As much as European countries were concerned with integration issues and political backlash from the migration flows, Turkey also has similar, though seemingly underappreciated, concerns. Erdoğan faced a backlash at the suggestion of allowing Syrians to apply for Turkish citizenship. With millions of refugees, a language barrier, a high unemployment rate, and other factors, integration is bound to cause tension in Turkey.

The EU-Turkey deal is tenuous. It could unfold due to domestic politics within Turkey, or a souring of relations between the EU and Turkey. A failed deal would make the EU’s moral compromise all for naught. It is unfair and misguided to allow Turkey, a country approaching 81 million people to host almost 3.3 million refugees. As such, the EU needs to correct the imbalance and go beyond the deal to increase resettlement of Syrian refugees from Turkey to the EU.

One must commend Bangladesh, Uganda, and Turkey for providing safe haven to so many.

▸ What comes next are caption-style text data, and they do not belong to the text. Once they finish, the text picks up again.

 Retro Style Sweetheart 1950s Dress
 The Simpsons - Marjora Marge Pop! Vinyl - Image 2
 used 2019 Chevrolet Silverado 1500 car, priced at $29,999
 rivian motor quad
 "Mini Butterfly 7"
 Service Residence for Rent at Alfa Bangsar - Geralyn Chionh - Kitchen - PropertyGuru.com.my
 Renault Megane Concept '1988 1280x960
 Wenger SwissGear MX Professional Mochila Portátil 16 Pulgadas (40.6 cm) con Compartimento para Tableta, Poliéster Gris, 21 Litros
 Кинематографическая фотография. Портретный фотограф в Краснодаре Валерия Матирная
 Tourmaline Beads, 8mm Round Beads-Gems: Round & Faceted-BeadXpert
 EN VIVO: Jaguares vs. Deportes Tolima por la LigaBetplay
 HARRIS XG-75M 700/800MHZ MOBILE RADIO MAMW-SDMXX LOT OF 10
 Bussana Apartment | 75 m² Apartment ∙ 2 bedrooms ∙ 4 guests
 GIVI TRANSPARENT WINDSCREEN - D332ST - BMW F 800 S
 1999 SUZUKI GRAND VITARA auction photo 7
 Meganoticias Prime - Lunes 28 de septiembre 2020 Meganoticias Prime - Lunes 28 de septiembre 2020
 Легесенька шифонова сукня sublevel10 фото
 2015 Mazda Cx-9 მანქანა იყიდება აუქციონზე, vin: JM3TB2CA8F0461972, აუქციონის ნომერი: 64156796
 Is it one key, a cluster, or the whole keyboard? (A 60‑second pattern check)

However, global refugee crises of this magnitude cannot and should not merely be “contained” locally. These crises are an “all hands on deck” moment that requires developed countries to host a fairer share of the world’s refugees. To move forward, leaders need to condemn any rhetoric that unconscionably and wrongly scapegoats refugees for political gain (See U.S. President Trump for what not to do). The creation of welcoming political climates will make it easier for third-party countries to increase resettlement numbers or start resettlement programs – one of the several ways in which wealthier countries can improve the equity among refugee-hosting countries.

Stemming the violence that creates refugee flows would be an ideal charge of the international community, but it is wishful thinking in the current international security apparatus. Refugees and citizens of the developing world deserve the opportunity to not only survive but also thrive – a birthright for many living in the developed world. Whether for humanitarian, security, moral, religious, political, legal, or a combination of reasons, developed countries need to meet their global civic duty and ease the burden on the developing world for protecting refugees.